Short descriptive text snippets
────────

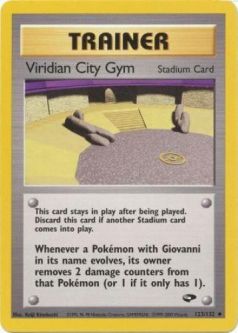 Pokemon Card - Gym Challenge 123/132 - VIRIDIAN CITY GYM (uncommon)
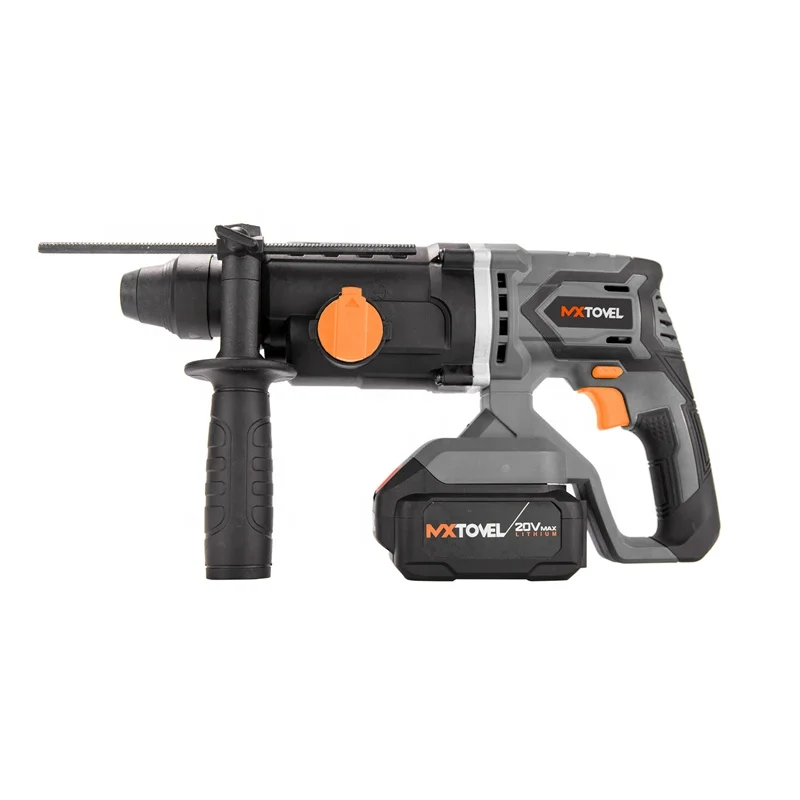 MXTOVEL Custom Unique Design 18v Rechargeable Battery Drill Cordless Power Tools Electric Hammer Drills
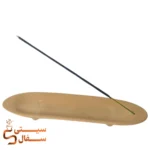 جاعودی سفالی خام طرح پر و قایقی پایه‌دار (بیس نقاشی اکریلیک، پتینه) - Image 4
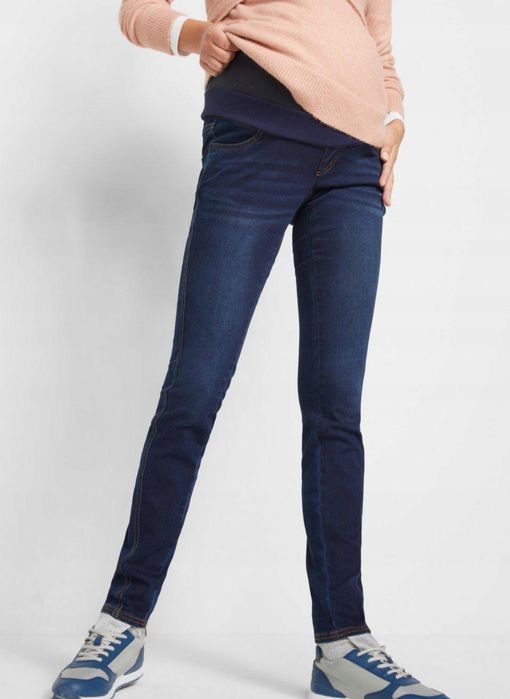 Ocieplane spodnie ciążowe 42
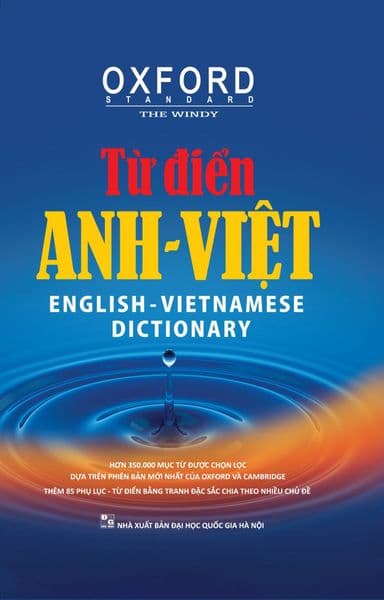 Từ điển Anh - Anh - Việt (bìa cứng xanh đậm 298k) - The Windy
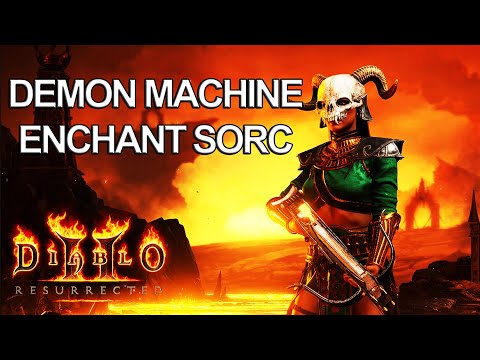 Demon Machine Enchant Sorceress Build Guide (Diablo 2 Resurrected)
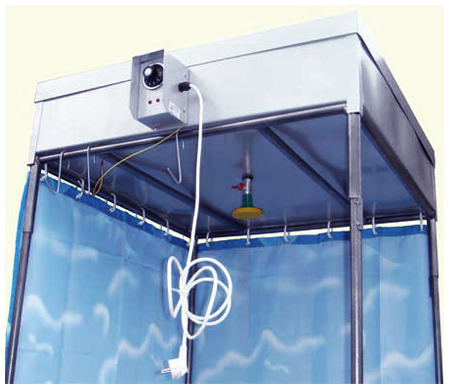 Летний душ для дачи с подогревом воды с использованием нагревательных элементов
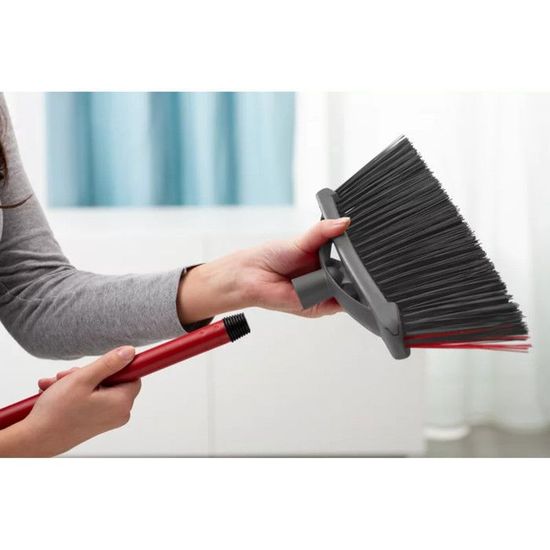 Brosse De Parquet 2 En 1 Vileda - Pour Sols Sensibles, Ramasse Poussières Et Poils D'animaux - 8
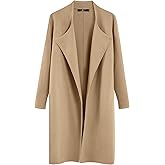 LILLUSORY Women's Long Cardigan Sweaters Oversized Fall Dressy Coatigan Jackets Trendy Knit Winter Coats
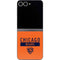 NFL Chicago Bears Orange Performance Series Galaxy Z Flip6 Skin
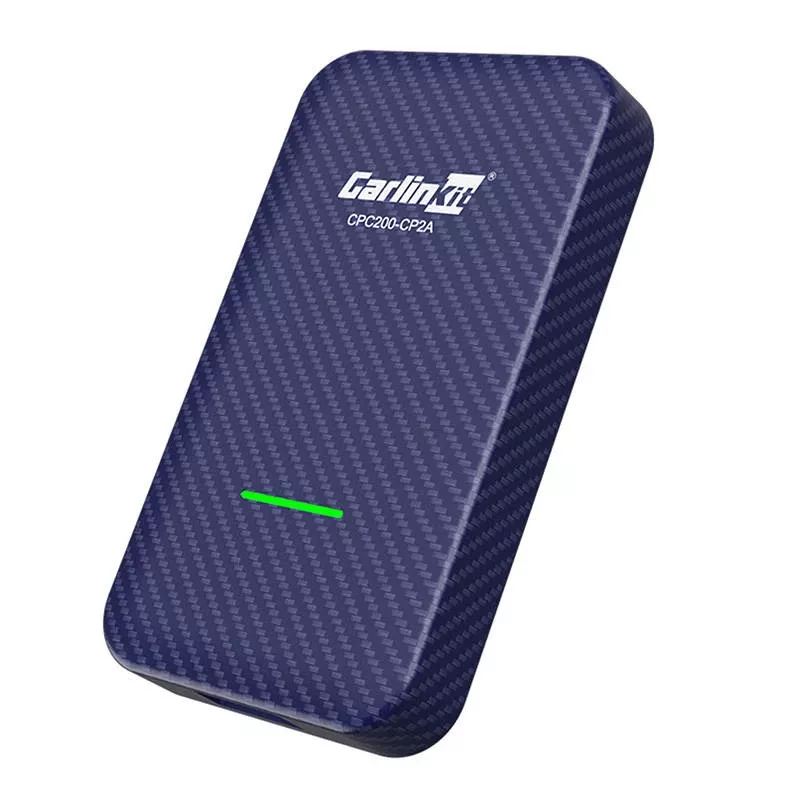 Kabelloser Adapter Carlinkit CPC200-CP2A für Apple CarPlay und Android Auto, Wi‑Fi 5150–5250/5725–5850 MHz, Bluetooth 5.2, USB-C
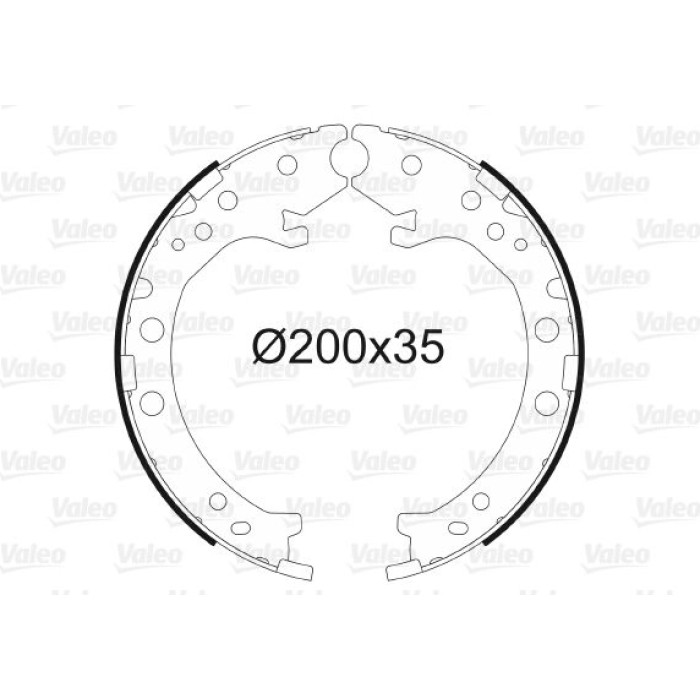 Valeo 564154 Bremsbackensatz, Feststellbremse Valeo 564154 Bremsbackensatz, Feststellbremse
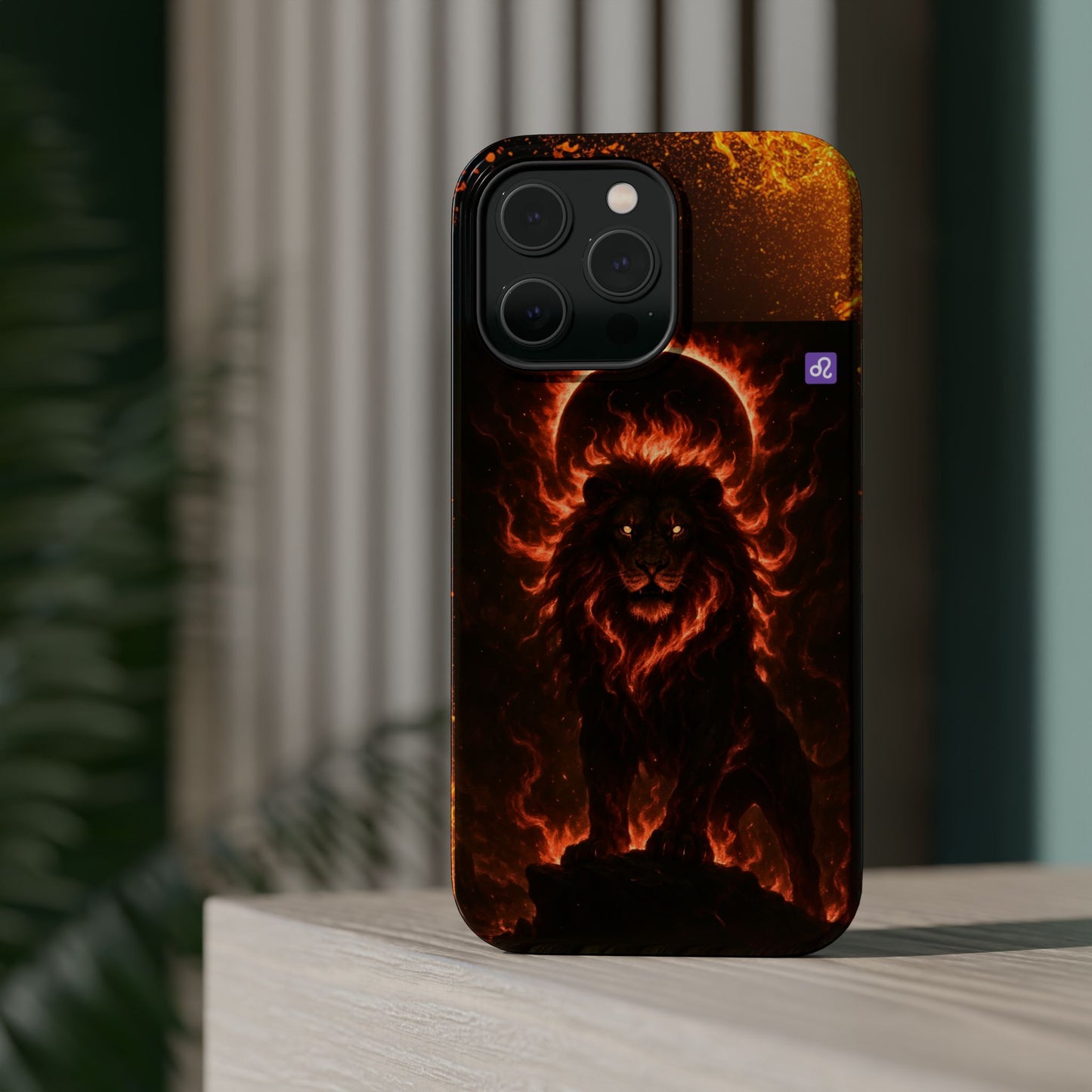 "Funda Magnética Reforzada ♌ Leo — Soberano del fuego eterno"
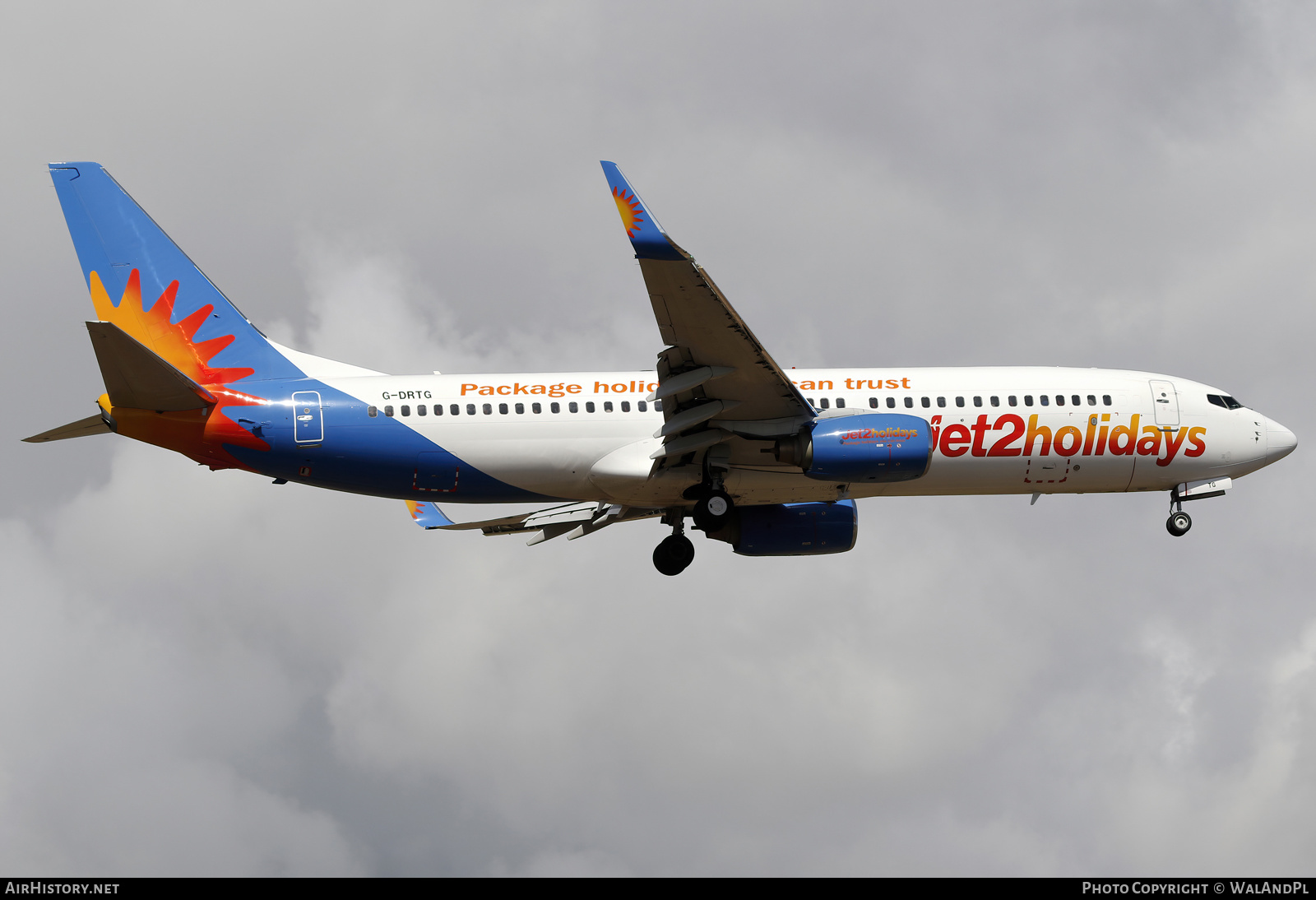 Aircraft Photo of G-DRTG | Boeing 737-8BK | Jet2 Holidays | AirHistory.net #551654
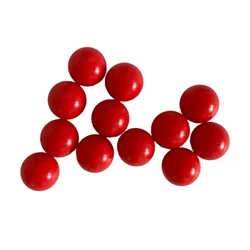 12mm Delrin Polyoxymethylene (POM) /Celcon Solid Plastic Bearing Balls Custom Made in Red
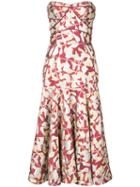 J. Mendel - Jacquard Strapless Dress - Women - Lurex - 8, Red, Lurex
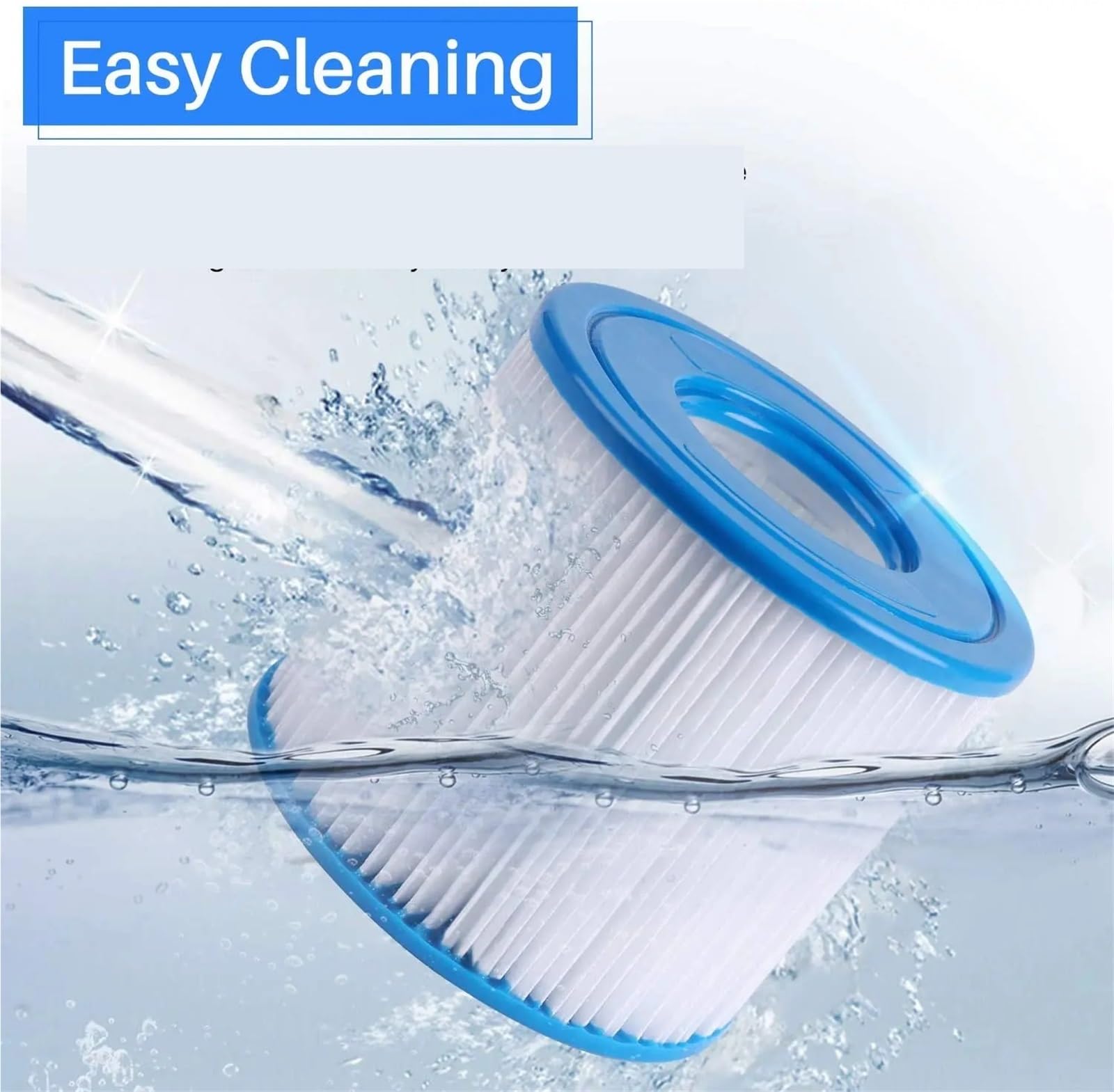 Cartucho De Filtro De Piscina Tipo D, Compatible Con Summer Waves, Reemplazo P57100102 SFS-350 RP-350 RP-400 RP-600 RX-600 SFS-600(6pcs)
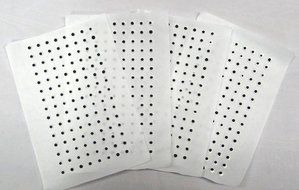 White Edible Icing Royal Eyes Cake Candy Cookie Decorations 3/16&quot; 1000 count
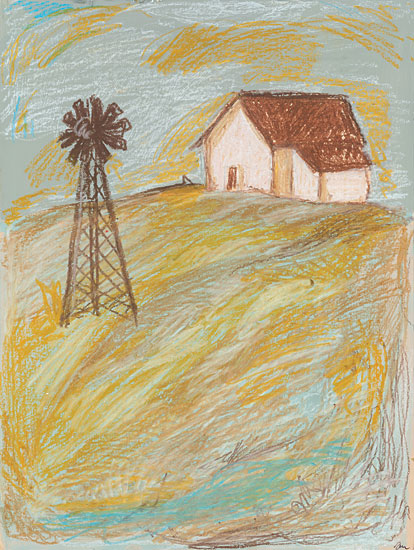 Jessica Mingo JM312 - JM312 - Ozarks - 12x16 Windmill, Ozarks, Barn, Primitive, Country from Penny Lane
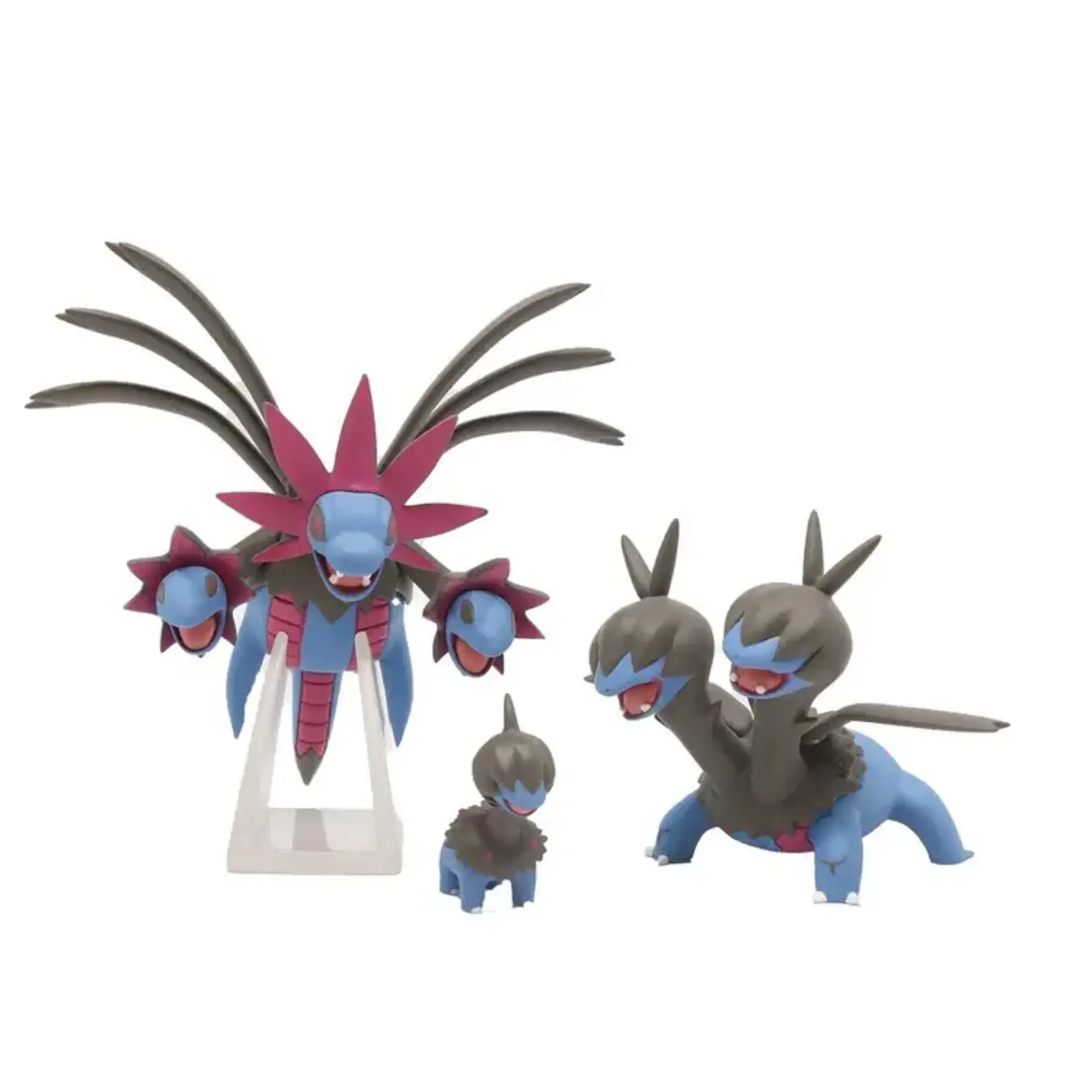 Bandai 2730251 Bandai Hydreigon Evolution Set "Pokemon" Pokemon Model Kit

────────

Taking the entries above, extract every line from the one bearing "MXTOVEL Custom Unique" through the one bearing "Brosse De Parquet", exactly, with no pictures.

 MXTOVEL Custom Unique Design 18v Rechargeable Battery Drill Cordless Power Tools Electric Hammer Drills
 جاعودی سفالی خام طرح پر و قایقی پایه‌دار (بیس نقاشی اکریلیک، پتینه) - Image 4
 Ocieplane spodnie ciążowe 42
 Từ điển Anh - Anh - Việt (bìa cứng xanh đậm 298k) - The Windy
 Demon Machine Enchant Sorceress Build Guide (Diablo 2 Resurrected)
 Летний душ для дачи с подогревом воды с использованием нагревательных элементов
 Brosse De Parquet 2 En 1 Vileda - Pour Sols Sensibles, Ramasse Poussières Et Poils D'animaux - 8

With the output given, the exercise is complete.